*** Opening of SUPPLIED DATA ***
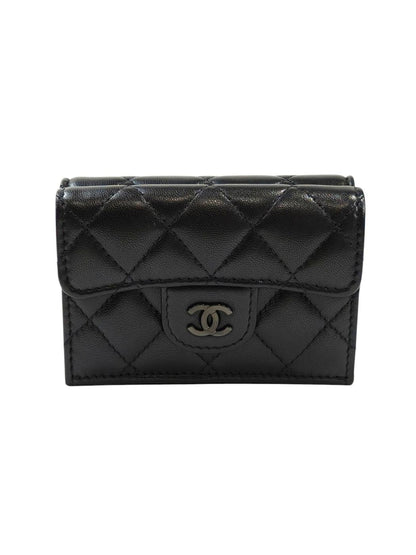 CHANEL シャネル ココマーク マトラッセ 三つ折り財布 ブラック 管理番号：11509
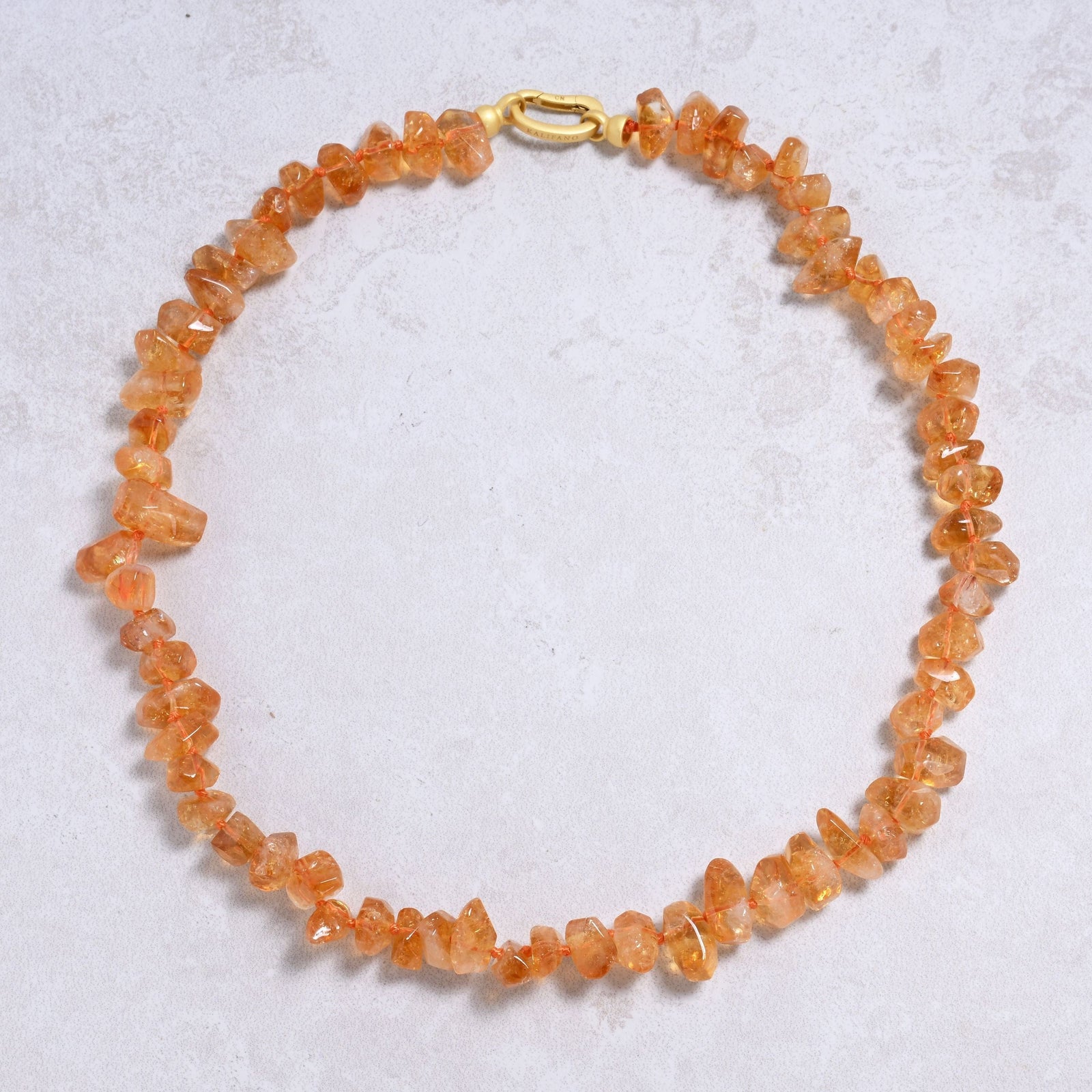 Kalifano Gemstone Jewelry Citrine Irregular Gemstone Necklace with Sterling Silver Clasp - 22" 9GN-CT2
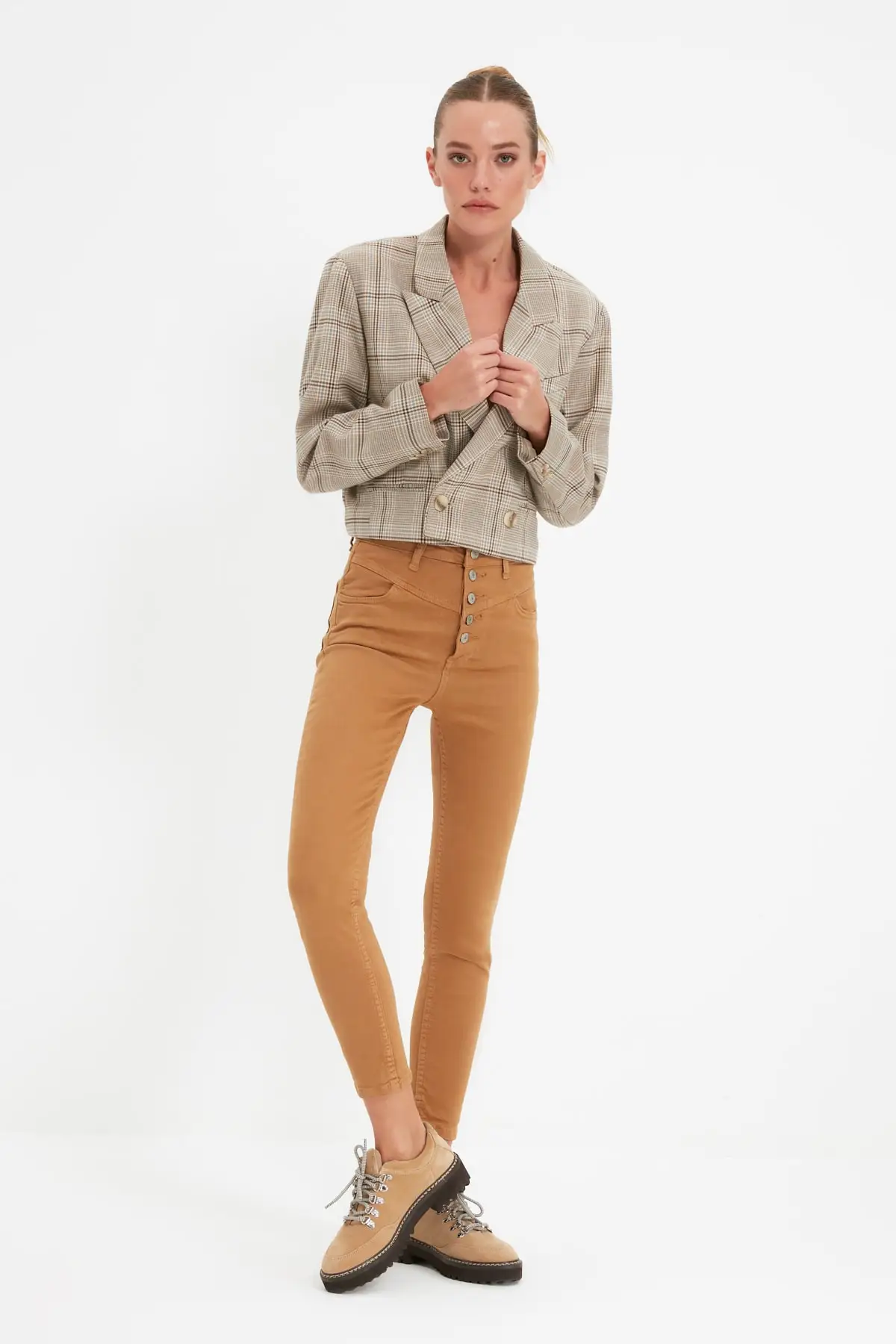 

Trendyol Front Button High Waist Skinny Jeans TWOAW22JE1013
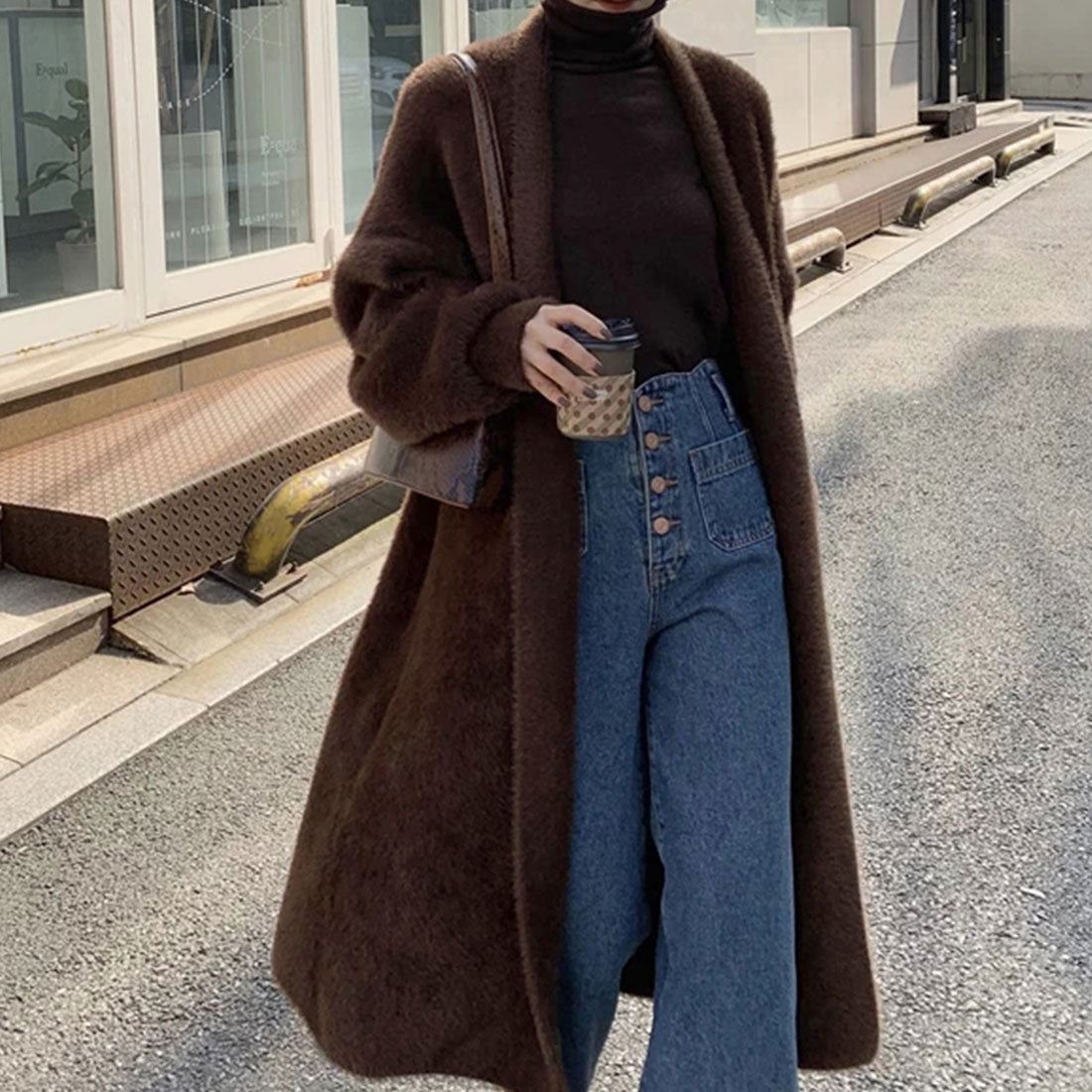 Shaggy long knit cardigan Korean style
*** Close of SUPPLIED DATA ***
ACTIVITY -
Could you copy the listing exactly, leaving out any pictures?

RESULT BELOW -
 CHANEL シャネル ココマーク マトラッセ 三つ折り財布 ブラック 管理番号：11509
 Kalifano Gemstone Jewelry Citrine Irregular Gemstone Necklace with Sterling Silver Clasp - 22" 9GN-CT2

Trendyol Front Button High Waist Skinny Jeans TWOAW22JE1013
 Shaggy long knit cardigan Korean style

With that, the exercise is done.